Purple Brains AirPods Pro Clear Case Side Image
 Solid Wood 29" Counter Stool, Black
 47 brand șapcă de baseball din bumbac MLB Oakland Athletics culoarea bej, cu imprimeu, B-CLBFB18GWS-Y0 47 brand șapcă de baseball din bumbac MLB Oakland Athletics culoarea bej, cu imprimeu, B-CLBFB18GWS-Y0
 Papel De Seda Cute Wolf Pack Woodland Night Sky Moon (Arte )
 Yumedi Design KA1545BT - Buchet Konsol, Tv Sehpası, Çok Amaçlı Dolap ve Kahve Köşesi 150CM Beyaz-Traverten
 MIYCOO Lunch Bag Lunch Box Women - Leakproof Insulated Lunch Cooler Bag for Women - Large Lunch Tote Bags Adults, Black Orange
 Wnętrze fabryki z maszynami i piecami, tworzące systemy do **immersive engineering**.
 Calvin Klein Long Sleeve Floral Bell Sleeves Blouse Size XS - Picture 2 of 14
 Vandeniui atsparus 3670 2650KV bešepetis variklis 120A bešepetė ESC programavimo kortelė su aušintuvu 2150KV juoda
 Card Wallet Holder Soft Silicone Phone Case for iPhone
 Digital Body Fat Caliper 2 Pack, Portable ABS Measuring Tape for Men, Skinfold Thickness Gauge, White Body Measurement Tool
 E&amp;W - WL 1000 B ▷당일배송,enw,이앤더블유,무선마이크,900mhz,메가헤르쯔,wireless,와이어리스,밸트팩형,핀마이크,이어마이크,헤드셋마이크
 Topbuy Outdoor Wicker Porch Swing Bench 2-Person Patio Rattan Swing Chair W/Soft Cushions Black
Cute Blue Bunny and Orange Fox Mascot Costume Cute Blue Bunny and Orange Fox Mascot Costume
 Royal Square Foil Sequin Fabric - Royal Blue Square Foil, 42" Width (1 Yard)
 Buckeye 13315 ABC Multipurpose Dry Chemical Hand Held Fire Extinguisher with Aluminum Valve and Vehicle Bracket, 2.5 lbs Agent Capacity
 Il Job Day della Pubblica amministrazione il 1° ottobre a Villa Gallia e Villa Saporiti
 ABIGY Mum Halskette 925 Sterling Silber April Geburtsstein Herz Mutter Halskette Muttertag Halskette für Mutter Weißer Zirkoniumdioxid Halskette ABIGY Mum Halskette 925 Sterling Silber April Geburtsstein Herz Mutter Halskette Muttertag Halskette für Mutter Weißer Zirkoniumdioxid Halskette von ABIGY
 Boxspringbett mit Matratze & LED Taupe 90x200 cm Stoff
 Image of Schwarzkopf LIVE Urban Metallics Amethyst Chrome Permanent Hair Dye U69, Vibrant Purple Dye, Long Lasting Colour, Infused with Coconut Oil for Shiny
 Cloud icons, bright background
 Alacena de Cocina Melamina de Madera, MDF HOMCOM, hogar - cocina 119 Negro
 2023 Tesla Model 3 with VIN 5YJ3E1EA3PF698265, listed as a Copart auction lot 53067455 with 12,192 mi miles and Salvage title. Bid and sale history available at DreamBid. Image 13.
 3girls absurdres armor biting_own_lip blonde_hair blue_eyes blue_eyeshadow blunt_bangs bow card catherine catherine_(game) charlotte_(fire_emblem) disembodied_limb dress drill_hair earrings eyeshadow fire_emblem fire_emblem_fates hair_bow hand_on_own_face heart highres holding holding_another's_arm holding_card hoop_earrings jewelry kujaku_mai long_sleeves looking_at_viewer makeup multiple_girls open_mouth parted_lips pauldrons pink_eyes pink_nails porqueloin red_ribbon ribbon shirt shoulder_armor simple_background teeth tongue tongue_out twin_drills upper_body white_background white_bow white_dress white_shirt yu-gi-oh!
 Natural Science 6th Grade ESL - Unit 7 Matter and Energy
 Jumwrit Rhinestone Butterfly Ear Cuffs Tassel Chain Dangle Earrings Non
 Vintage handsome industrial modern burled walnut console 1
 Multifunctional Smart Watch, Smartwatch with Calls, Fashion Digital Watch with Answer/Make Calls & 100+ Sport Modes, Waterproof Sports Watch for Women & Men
========
● What the exercise asks
Only the lines from the one containing "Vandeniui atsparus 3670" through the one containing "Boxspringbett mit Matratze" are to be retyped, both boundary lines included, with no other material.

● Answer section
 Vandeniui atsparus 3670 2650KV bešepetis variklis 120A bešepetė ESC programavimo kortelė su aušintuvu 2150KV juoda
 Card Wallet Holder Soft Silicone Phone Case for iPhone
 Digital Body Fat Caliper 2 Pack, Portable ABS Measuring Tape for Men, Skinfold Thickness Gauge, White Body Measurement Tool
 E&amp;W - WL 1000 B ▷당일배송,enw,이앤더블유,무선마이크,900mhz,메가헤르쯔,wireless,와이어리스,밸트팩형,핀마이크,이어마이크,헤드셋마이크
 Topbuy Outdoor Wicker Porch Swing Bench 2-Person Patio Rattan Swing Chair W/Soft Cushions Black
Cute Blue Bunny and Orange Fox Mascot Costume Cute Blue Bunny and Orange Fox Mascot Costume
 Royal Square Foil Sequin Fabric - Royal Blue Square Foil, 42" Width (1 Yard)
 Buckeye 13315 ABC Multipurpose Dry Chemical Hand Held Fire Extinguisher with Aluminum Valve and Vehicle Bracket, 2.5 lbs Agent Capacity
 Il Job Day della Pubblica amministrazione il 1° ottobre a Villa Gallia e Villa Saporiti
 ABIGY Mum Halskette 925 Sterling Silber April Geburtsstein Herz Mutter Halskette Muttertag Halskette für Mutter Weißer Zirkoniumdioxid Halskette ABIGY Mum Halskette 925 Sterling Silber April Geburtsstein Herz Mutter Halskette Muttertag Halskette für Mutter Weißer Zirkoniumdioxid Halskette von ABIGY
 Boxspringbett mit Matratze & LED Taupe 90x200 cm Stoff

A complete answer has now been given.